Stalin and the Kurile Islands


(24 September 1945)

From Labor Action, Vol. IX No. 39, 24 September 1945, p. 3.
Transcribed & marked up by Einde O’ Callaghan for the Encyclopaedia of Trotskyism On-Line (ETOL).

(Continued from last issue)

Elsewhere in his “victory speech” Stalin reached, a new low in nationalist degeneration when he identified himself and his government with the imperialist-expansionist policy of Czarism.

He said:

“... the defeat of Russian troops in 1904 in the period of the Russo-Japanese War left grave memories in the minds of our peoples. It was a dark stain on our country. Our people trusted and awaited the day when Japan would be routed and the stain wiped out.

“For forty years have we, men of the older generation, waited for this day. And now this day has come.”

All of this is untrue. The Russo-Japanese was extremely unpopular in Russia. The masses hated the war and hoped the Czar would be defeated. Hundreds of thousands went into hiding and additional hundreds of thousands left the country to avoid military service.

The Bolshevik Party of which Stalin was a member opposed the Russo-Japanese war, denounced Czarist and Japanese imperialism, and hoped for the defeat of Russia in the war! Stalin supported that policy, identified himself with it completely!

The Mensheviks (right-wing socialists) also opposed the war and, like the Bolsheviks, were defeatists!

In a word, the whole Russian labor movement opposed the war and called for the defeat of the Czar, holding Russian imperialism primarily responsible for the war, but describing it as imperialist on both sides.
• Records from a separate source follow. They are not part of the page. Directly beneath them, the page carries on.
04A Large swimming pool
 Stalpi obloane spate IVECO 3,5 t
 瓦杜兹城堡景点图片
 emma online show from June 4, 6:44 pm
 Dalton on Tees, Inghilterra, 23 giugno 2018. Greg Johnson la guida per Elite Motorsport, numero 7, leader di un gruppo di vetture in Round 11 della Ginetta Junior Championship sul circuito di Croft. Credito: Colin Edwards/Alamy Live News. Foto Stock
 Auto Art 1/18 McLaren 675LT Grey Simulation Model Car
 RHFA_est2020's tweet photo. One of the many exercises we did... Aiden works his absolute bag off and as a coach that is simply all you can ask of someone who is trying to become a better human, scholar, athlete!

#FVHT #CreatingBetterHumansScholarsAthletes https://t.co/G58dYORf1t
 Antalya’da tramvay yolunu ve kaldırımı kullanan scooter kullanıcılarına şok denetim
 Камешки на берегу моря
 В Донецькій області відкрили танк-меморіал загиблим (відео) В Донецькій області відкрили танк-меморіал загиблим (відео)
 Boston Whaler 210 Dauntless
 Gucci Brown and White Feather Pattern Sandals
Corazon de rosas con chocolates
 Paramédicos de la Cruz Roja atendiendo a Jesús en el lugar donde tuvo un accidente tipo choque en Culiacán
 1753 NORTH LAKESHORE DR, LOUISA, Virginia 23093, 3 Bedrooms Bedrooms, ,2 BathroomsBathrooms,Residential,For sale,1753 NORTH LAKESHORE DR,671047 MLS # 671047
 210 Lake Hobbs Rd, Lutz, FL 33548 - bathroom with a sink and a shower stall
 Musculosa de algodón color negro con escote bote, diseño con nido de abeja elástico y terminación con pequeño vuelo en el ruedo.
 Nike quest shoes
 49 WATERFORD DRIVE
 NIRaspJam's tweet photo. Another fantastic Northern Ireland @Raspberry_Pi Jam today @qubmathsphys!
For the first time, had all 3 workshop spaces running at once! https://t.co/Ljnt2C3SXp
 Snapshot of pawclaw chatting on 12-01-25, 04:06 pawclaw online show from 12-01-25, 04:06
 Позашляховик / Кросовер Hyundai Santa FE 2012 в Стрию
But not only the labor movement opposed the war and was defeatist. The new capitalist class which was just emerging in Russian society also opposed the war and was defeatist, hoping that a Japanese victory would destroy the hold of the nobility and the landlords on the nation.

In other words, the overwhelming majority of the country, the organized labor movement, the Bolsheviks and the Mensheviks, and the new capitalist class opposed the war and hoped for a Russian defeat.

It is a typical Stalinist lie to say that the defeat of Russian troops in 1904 “left grave memories in the minds of our people.” It is an even greater lie to say that “for forty years have we, men of the older generation, waited for this day.” The workers did not wait for it; the peasants did not wait for it. No, not even Stalin waited for this day. For during the many years that he was a Bolshevik, that is, until Lenin died, he held the same position on the Russo-Japanese war as did the Bolsheviks, namely, that the war was an imperialist war, that the masses of people should oppose it, that the Czar ought to be defeated in it.

Stalin, a Reactionary

When Stalin speaks as he does today, it is because he has ceased to be a Bolshevik, that is, ceased to be a socialist, an internationalist completely devoted to the interests of the world emancipation of all exploited and oppressed people.

Stalin has become a Great Russian Nationalist, an imperialist. That alone explains why today, forty years after the Russo-Japanese war, he identifies himself and his ruling class with the imperialist interests of Czarism and the landlords in that war and the most extreme right wing of that bloody gang, to boot.